Most of the lead acid batteries manufactured today use plastic, microporous, silica filled separators between the positive and negative plates to provide a means for preventing shorting between adjacent plates of opposite polarity, as a means for allowing electrolyte flow against the plate surfaces and as a means for maintaining the relative spacing between the plates and the battery box.
A frequent method in using these separators is to form them as envelopes around one or both of the plates (positive and negative). To form an envelope, one may simply cut a piece of separator sheet to a length about twice that of the electrode plate, place the electrode plate on one half of the sheet and fold the other half of the sheet over the other side of the electrode plate. The edges of the sheet perpendicular to the crease are typically sealed by mechanical crimping, adhesives or heat welding.
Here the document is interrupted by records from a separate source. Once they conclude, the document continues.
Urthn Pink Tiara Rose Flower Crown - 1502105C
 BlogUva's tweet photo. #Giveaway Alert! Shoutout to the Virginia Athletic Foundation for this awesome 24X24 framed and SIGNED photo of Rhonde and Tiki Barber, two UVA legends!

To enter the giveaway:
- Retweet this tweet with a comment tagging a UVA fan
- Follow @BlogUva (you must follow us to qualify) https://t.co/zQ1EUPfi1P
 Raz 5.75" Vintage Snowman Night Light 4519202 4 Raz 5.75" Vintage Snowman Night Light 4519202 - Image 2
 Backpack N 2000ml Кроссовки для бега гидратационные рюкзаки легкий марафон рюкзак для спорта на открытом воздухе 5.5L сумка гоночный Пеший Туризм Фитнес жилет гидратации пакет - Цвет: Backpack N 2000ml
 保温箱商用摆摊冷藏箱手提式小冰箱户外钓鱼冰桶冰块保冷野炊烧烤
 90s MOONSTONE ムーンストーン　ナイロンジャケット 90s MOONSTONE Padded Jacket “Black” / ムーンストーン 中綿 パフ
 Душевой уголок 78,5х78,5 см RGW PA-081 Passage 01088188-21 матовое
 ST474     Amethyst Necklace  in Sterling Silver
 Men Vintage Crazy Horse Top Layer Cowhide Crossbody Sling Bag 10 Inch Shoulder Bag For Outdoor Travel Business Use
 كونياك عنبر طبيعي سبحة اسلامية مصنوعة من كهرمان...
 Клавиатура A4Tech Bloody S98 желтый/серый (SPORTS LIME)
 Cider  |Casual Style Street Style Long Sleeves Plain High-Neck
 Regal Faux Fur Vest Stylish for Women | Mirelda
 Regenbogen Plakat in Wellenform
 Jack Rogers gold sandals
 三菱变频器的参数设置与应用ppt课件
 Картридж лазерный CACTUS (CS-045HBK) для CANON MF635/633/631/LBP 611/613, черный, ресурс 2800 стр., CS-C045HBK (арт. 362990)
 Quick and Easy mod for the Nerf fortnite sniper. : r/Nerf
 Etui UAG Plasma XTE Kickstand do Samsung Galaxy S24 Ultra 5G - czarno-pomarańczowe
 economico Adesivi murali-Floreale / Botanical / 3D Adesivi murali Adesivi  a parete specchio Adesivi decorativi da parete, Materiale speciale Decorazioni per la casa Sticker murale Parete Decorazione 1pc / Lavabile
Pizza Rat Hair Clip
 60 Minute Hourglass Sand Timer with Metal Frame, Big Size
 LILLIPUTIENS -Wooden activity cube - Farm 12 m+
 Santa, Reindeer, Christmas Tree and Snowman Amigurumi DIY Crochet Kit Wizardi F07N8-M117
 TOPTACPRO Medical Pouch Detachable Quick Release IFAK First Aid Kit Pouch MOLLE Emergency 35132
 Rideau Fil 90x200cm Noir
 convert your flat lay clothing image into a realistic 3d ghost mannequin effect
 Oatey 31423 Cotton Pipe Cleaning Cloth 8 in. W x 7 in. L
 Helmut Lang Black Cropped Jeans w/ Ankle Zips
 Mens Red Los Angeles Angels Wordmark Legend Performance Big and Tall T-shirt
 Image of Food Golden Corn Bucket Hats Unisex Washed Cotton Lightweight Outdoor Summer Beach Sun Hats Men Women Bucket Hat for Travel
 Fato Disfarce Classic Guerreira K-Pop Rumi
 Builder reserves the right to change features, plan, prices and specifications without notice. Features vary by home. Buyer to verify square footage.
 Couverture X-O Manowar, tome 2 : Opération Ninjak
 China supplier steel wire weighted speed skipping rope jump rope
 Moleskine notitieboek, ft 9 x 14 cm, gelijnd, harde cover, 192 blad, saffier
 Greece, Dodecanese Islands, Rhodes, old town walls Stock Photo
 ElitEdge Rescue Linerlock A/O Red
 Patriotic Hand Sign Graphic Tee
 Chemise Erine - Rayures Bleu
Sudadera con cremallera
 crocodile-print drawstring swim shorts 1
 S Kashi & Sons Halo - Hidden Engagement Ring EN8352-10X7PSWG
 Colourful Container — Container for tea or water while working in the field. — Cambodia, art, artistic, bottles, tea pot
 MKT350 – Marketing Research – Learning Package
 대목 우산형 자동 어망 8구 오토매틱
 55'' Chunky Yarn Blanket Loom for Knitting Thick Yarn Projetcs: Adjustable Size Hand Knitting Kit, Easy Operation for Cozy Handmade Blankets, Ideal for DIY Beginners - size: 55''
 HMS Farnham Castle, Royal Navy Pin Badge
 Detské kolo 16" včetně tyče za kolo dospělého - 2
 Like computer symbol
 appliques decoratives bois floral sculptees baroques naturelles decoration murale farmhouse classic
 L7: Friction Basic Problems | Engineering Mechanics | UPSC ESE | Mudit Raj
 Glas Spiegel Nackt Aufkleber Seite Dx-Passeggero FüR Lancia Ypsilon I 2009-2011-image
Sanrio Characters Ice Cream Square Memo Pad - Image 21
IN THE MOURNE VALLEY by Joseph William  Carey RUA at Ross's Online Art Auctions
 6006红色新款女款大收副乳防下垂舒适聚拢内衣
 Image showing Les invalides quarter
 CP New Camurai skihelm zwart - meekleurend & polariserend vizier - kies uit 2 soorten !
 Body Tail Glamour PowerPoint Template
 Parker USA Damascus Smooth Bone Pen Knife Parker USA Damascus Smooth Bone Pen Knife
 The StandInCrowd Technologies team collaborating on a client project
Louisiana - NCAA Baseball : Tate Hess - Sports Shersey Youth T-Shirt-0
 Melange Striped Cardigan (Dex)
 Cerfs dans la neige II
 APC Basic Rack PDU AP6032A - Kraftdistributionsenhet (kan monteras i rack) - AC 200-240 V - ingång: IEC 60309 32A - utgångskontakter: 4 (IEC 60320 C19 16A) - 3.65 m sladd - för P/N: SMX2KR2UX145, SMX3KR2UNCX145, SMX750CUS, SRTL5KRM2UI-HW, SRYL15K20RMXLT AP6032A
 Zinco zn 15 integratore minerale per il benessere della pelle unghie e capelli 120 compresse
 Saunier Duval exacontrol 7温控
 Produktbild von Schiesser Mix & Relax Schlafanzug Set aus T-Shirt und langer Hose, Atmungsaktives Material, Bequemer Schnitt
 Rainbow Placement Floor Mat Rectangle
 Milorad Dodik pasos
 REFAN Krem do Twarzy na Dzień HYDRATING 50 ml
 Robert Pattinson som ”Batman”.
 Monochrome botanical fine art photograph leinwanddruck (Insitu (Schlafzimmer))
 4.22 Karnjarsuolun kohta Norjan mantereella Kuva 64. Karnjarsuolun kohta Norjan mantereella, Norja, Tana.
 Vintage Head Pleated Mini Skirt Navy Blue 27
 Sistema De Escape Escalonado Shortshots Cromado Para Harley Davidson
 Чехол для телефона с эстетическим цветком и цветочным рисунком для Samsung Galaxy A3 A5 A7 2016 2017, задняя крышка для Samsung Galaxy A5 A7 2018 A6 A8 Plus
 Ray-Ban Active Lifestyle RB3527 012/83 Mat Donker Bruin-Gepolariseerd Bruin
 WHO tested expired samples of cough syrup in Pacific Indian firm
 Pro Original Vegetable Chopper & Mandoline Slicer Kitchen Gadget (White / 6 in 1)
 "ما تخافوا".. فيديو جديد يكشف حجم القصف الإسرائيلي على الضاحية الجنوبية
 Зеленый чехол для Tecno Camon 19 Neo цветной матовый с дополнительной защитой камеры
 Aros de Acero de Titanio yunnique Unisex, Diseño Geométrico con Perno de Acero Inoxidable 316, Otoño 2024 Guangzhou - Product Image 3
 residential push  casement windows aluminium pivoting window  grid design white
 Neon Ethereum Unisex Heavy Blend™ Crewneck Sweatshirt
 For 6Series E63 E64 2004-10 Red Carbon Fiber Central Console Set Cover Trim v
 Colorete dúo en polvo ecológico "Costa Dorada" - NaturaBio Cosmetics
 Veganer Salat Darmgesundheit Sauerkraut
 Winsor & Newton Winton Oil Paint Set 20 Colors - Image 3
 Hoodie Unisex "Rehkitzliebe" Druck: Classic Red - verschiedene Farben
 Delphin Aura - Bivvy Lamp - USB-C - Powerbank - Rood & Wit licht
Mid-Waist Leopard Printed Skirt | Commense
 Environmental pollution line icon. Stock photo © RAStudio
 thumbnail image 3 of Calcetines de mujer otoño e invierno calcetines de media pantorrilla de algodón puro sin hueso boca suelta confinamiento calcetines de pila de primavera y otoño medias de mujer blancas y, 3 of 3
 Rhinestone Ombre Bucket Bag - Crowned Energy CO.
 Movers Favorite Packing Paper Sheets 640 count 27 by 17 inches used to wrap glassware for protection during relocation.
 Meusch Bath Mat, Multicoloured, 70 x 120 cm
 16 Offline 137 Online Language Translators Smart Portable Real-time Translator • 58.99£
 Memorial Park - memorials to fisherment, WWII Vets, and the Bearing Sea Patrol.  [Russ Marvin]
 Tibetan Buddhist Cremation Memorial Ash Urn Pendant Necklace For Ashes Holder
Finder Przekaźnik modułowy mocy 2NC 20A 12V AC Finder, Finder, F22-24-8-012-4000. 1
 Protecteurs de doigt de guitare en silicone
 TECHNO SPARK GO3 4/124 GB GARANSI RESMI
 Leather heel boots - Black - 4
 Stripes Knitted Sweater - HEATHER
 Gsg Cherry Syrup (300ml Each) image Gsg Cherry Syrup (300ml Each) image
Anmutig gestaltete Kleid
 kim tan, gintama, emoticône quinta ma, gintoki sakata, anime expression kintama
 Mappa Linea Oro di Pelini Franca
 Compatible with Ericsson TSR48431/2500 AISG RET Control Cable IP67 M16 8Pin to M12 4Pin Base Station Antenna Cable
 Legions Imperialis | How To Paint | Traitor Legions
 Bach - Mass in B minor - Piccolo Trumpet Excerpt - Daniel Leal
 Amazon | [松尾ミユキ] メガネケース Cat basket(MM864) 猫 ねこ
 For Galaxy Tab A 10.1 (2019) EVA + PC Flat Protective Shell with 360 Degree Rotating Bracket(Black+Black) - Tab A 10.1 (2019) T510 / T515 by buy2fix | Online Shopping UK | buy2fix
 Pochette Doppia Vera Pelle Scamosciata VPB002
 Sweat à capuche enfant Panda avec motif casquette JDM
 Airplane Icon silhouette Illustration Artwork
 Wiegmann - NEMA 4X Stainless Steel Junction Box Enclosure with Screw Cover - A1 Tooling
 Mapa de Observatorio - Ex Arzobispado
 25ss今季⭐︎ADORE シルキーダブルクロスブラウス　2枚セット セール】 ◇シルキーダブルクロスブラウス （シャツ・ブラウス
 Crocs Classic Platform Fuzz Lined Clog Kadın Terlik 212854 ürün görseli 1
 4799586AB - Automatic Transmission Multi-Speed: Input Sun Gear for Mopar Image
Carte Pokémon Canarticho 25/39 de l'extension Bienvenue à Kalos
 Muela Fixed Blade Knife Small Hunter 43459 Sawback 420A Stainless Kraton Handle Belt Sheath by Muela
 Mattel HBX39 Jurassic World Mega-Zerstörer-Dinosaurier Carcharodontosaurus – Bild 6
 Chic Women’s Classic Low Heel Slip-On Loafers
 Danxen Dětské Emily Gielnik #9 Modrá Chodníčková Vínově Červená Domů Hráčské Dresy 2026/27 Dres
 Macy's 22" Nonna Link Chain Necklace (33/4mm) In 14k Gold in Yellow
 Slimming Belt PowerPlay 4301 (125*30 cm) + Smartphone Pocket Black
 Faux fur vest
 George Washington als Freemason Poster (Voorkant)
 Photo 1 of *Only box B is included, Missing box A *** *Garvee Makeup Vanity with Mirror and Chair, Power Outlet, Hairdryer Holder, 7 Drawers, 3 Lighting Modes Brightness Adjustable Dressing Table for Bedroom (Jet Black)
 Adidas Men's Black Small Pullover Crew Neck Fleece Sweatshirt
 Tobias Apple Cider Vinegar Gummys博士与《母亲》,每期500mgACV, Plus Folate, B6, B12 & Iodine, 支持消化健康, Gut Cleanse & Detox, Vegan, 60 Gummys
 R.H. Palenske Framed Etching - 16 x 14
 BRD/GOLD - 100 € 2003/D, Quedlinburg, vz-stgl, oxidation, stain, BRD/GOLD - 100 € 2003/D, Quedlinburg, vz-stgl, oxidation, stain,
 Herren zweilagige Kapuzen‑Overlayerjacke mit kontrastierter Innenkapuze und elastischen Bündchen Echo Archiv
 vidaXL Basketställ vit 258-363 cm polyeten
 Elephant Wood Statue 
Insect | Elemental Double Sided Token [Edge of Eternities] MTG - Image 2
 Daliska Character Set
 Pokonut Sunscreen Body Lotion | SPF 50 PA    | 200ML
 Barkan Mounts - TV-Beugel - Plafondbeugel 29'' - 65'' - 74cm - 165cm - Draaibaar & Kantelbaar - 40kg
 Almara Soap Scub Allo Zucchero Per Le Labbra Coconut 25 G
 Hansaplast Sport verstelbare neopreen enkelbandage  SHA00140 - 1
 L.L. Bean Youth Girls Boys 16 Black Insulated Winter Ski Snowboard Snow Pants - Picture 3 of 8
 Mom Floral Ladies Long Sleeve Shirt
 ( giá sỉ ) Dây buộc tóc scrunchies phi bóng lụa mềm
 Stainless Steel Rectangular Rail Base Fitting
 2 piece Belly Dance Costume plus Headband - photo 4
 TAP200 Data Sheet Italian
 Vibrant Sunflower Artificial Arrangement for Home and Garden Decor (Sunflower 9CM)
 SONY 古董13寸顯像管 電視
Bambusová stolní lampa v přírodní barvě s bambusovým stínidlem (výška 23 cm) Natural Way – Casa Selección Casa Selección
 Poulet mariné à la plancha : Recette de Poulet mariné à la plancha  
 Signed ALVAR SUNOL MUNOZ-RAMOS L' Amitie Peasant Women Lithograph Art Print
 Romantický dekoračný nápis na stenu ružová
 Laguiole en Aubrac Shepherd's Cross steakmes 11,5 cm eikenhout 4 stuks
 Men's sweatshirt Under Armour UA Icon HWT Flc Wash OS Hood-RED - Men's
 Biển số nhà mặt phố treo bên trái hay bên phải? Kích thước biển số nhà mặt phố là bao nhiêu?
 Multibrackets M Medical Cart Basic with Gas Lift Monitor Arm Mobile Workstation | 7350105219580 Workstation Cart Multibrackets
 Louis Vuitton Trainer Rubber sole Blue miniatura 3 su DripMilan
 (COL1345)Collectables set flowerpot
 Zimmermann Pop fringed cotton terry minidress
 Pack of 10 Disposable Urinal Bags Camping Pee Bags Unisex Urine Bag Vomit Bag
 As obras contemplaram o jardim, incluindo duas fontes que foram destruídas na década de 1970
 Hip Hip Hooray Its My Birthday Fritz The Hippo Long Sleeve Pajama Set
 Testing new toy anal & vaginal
The enveloped plates are then arranged with other plates of opposite polarity (which may be enveloped, but typically are not) into a battery box. Electrolyte (typically sulphuric acid) is added and the box is sealed to complete the battery.
Enveloping is desirable for several reasons. It allows for automation of the separator and electrode insertion. It forms a complete physical barrier between adjacent plates of opposite polarity so as to prevent dendritic growth which leads to shorting. When the positive plate is enveloped, it prevents the sloughing off of active material and eliminates the need for mud racks which kept the plates out of the sloughed off material of the older "interleafed" type of battery.
While enveloping has a number of advantages, it still has drawbacks. Perhaps the largest drawback is oxidation resistance. The formation of a crease along the bottom (if one piece of separator is used) and sealed edges (either along the vertical side edges and/or optionally the side edges and the bottom edge when two pieces are used to form the envelope), provides an area which is more susceptible than other portions on the envelope to oxidation by the components of the battery. The formation of cracks, tears, etc. tend to concentrate in these areas. Over time they can lead to dendritic growth and other problems which shorten battery life.